* [What this task involves]:
Retype the listing exactly; omit pictures.

* [Supplied material]:
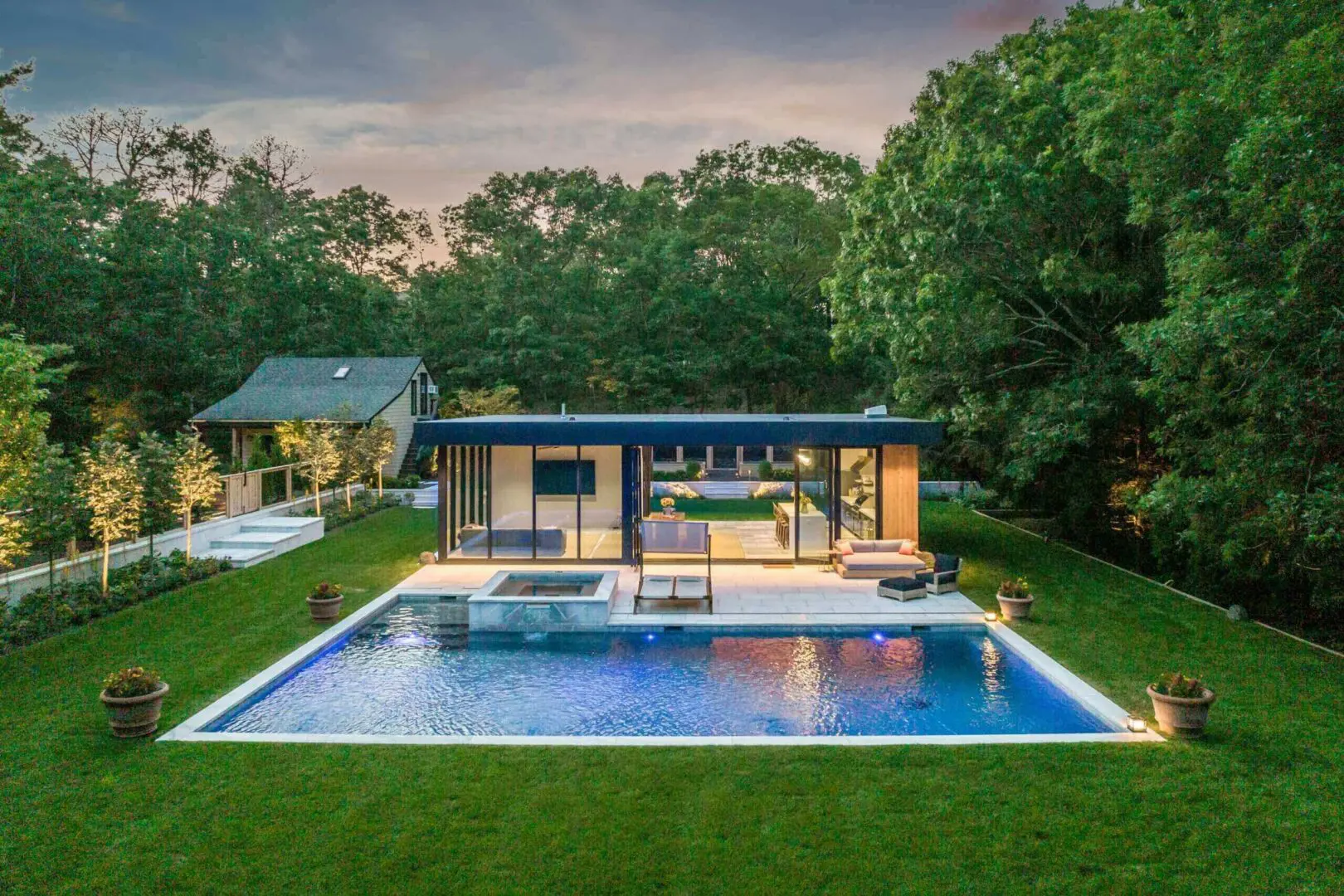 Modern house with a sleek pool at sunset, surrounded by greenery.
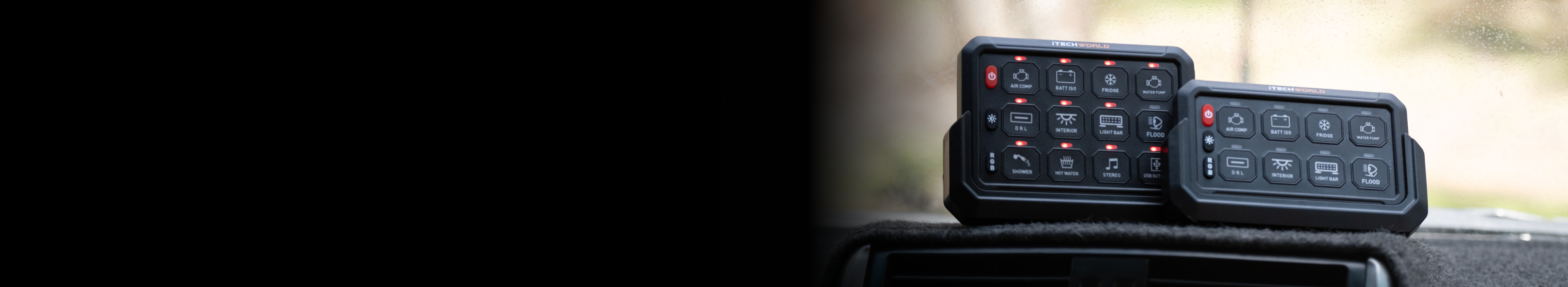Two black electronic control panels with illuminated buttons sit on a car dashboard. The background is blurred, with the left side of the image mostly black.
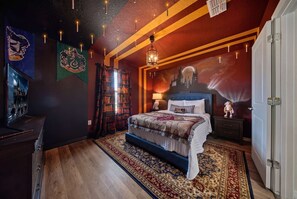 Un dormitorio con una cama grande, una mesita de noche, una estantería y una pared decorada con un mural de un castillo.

* [Result for this task]:
 Modern house with a sleek pool at sunset, surrounded by greenery.
Two black electronic control panels with illuminated buttons sit on a car dashboard. The background is blurred, with the left side of the image mostly black.
 Un dormitorio con una cama grande, una mesita de noche, una estantería y una pared decorada con un mural de un castillo.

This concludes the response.